BEGIN DATA SHOWN
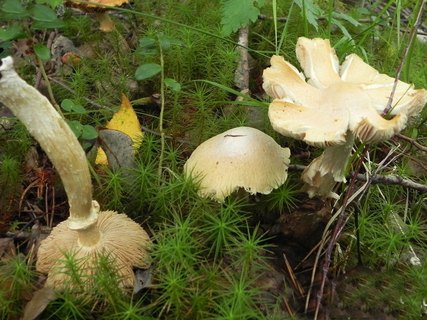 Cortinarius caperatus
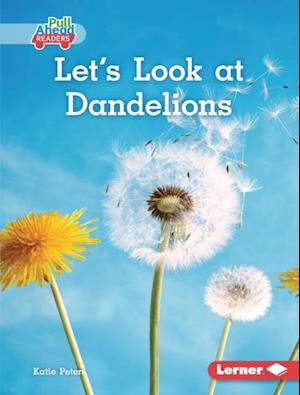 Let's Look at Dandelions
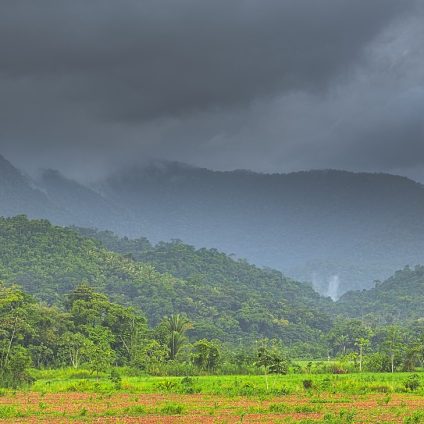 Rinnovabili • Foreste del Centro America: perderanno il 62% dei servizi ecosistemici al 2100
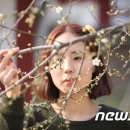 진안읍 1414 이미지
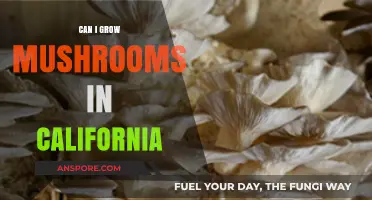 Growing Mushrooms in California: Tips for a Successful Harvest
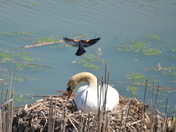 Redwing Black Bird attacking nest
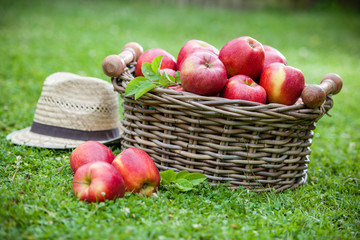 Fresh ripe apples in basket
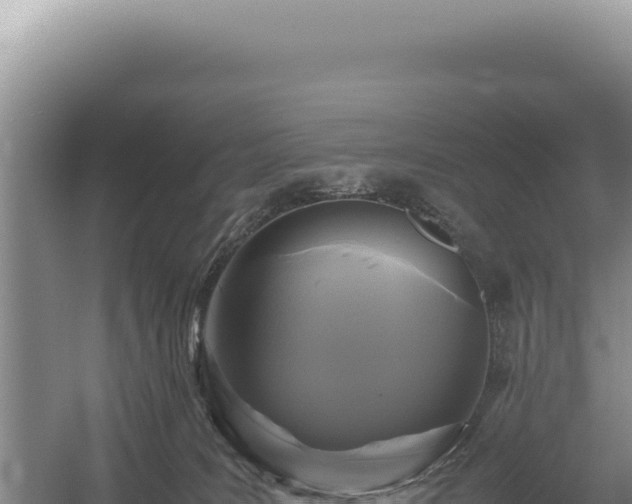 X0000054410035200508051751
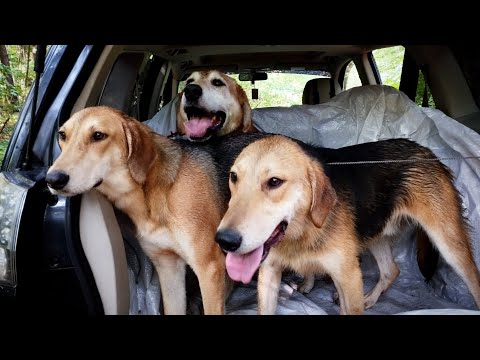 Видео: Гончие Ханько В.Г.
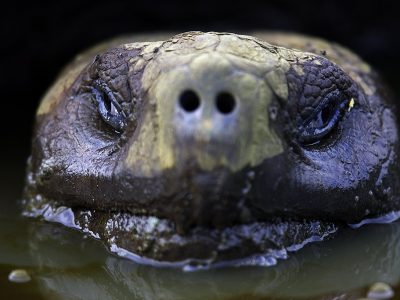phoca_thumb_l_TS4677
END DATA SHOWN
BEGIN DATA SHOWN
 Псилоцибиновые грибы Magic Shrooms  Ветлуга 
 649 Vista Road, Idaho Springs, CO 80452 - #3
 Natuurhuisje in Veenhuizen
END DATA SHOWN
» EXERCISE DIRECTIONS: Your answer must be the exact lines from the records above, from the one containing "Redwing Black Bird attacking nest" through the one containing "phoca_thumb_l_TS4677", both included, with every picture left out.

» WORKED SOLUTION:
 Redwing Black Bird attacking nest
 Fresh ripe apples in basket
 X0000054410035200508051751
 Видео: Гончие Ханько В.Г.
phoca_thumb_l_TS4677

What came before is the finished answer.